> [EXERCISE OBJECTIVE] Below are entries; copy exactly the lines from the one with "kitchen featuring white" through the one with "A group of children", both included, and leave out the rest.
------------------------
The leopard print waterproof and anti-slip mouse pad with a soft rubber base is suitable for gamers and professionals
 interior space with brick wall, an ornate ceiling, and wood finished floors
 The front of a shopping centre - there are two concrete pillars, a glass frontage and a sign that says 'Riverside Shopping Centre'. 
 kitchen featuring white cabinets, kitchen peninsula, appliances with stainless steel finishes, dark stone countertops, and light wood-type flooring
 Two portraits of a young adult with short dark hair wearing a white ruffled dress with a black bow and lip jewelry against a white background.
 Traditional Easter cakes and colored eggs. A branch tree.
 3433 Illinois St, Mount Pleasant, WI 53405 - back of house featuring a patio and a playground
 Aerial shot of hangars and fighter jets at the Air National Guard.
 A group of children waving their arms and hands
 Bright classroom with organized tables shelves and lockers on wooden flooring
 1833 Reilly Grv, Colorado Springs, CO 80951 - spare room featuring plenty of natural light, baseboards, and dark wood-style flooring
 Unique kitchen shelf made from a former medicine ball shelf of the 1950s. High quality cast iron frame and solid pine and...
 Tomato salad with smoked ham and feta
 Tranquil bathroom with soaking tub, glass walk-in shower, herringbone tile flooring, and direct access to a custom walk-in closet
------------------------
> [RESPONSE TO THIS EXERCISE]
 kitchen featuring white cabinets, kitchen peninsula, appliances with stainless steel finishes, dark stone countertops, and light wood-type flooring
 Two portraits of a young adult with short dark hair wearing a white ruffled dress with a black bow and lip jewelry against a white background.
 Traditional Easter cakes and colored eggs. A branch tree.
 3433 Illinois St, Mount Pleasant, WI 53405 - back of house featuring a patio and a playground
 Aerial shot of hangars and fighter jets at the Air National Guard.
 A group of children waving their arms and hands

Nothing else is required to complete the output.